Table 4. Statistical analysis of the SSR results.
Item | Total number of sequences examined | Total size of examined sequences (bp) | Total number of identified SSRs | Number of SSR containing sequences | Number of sequences containing more than 1 SSR | Number of SSRs present in compound formation | Mono- nucleotides | Di- nucleotides | Tri- nucleotides | Tetra- nucleotides | Penta- nucleotides | Hexa- nucleotides |
---|---|---|---|---|---|---|---|---|---|---|---|---|
Numbers | 38412 | 99784911 | 24832 | 16390 | 5317 | 3536 | 12230 | 8857 | 3327 | 254 | 69 | 95 |
Transcript functional annotation and sorting of transcription factors
In total, 37,993 transcripts were annotated in eight databases (Table 5). Among these transcripts, 37,908 were annotated in the NCBI NR database, 16,261 were annotated in the COG database, 22,732 in the GO database, 16,507 in the KEGG database, 24,787 in the KOG database, 31,494 in the Pfam database, 28,599 in the Swiss-Prot database, and 37,074 in the eggNOG database.
Table 5. Numbers of annotated transcripts in the publicly available databases.

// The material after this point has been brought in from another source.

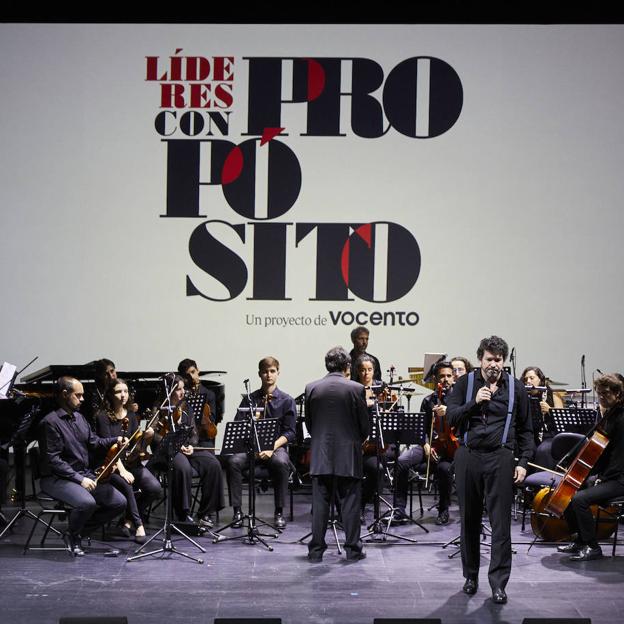 Pedro Alfaro, director de MusicalThinkers, junto con la orquesta que interpretó la Sinfonía del propósito.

Annotated databases | Transcript number |
---|---|
Clusters of Orthologous Groups(COG) | 16261 |
Gene Ontology(GO) | 22732 |
Kyoto Encyclopaedia of Genes and Genomes(KEGG) | 16507 |
Eukaryotic Ortholog Groups(KOG) | 24787 |
protein family(Pfam) | 31494 |
The Swiss-Prot Protein Knowledgebase(Swiss-Prot) | 28599 |
Evolutionary Genealogy of Genes: Non-supervised Orthologous Groups(eggNOG) | 37074 |
NCBI Non-Redundant Protein Database(NR) | 37908 |
All annotated | 37993 |
All analysed | 38435 |
NR contains protein data from the Swiss-Prot, Protein Information Resource, Protein Research Foundation, Protein Data Bank, GenBank, and RefSeq databases;it is a non-redundant protein database housed within the NCBI. The non-redundant transcripts were compared to those in the NR database,the results showed that 46.22% of sequences were aligned to Pyrus x, followed by Malus domestica(45.40%), only 0.35% of sequences were aligned to loquat itself (Fig 3).

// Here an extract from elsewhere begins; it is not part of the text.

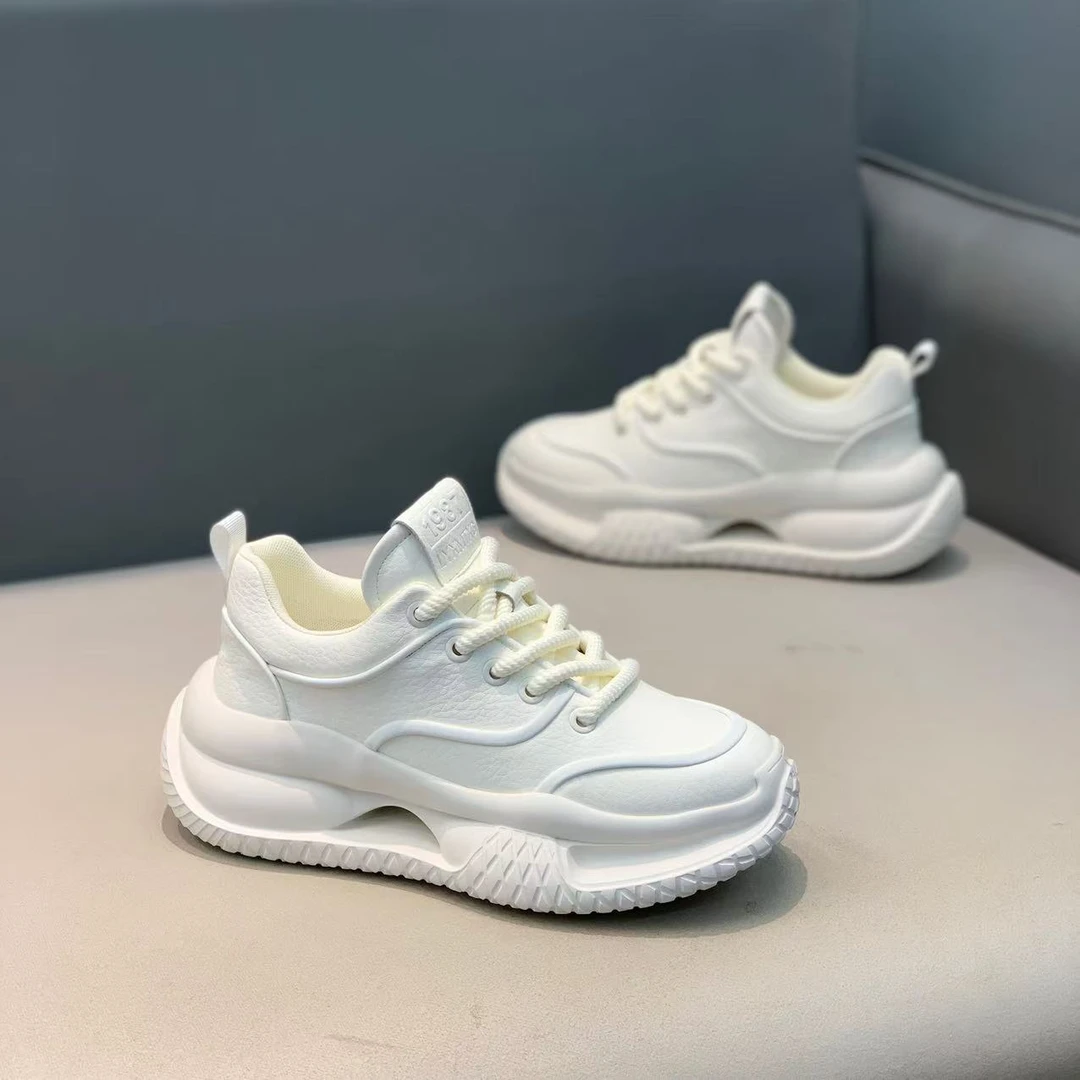 1255【皮鞋码】新款皮面百搭轻便洋气软底个性男款潮鞋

GOanalysis indicated that 22,732 transcripts enriched in the pathways related to biological processes, cellular components, and molecular functions. A large number of transcripts in ‘‘cellular components” were mainly involved in cell part, cell, organelle, membrance, membrane part, and macromolecular complex. The category ‘‘molecular functions” mainly consisted of transcripts involved in catalytic activity, binding and transporter activity. The category ‘‘biological process” mainly consisted of transcripts involved in metabolic process, cellular process, single-organism process,biological regulation, localization, responses to stimulus, and cellular component organization or biogenesis (Fig 4).
In the COG database, we found that the R function (general function prediction only) had the largest number, followed by the K function (transcription), L function (replication, recombination, and repair), and T function (signal transduction mechanisms) (Fig 5).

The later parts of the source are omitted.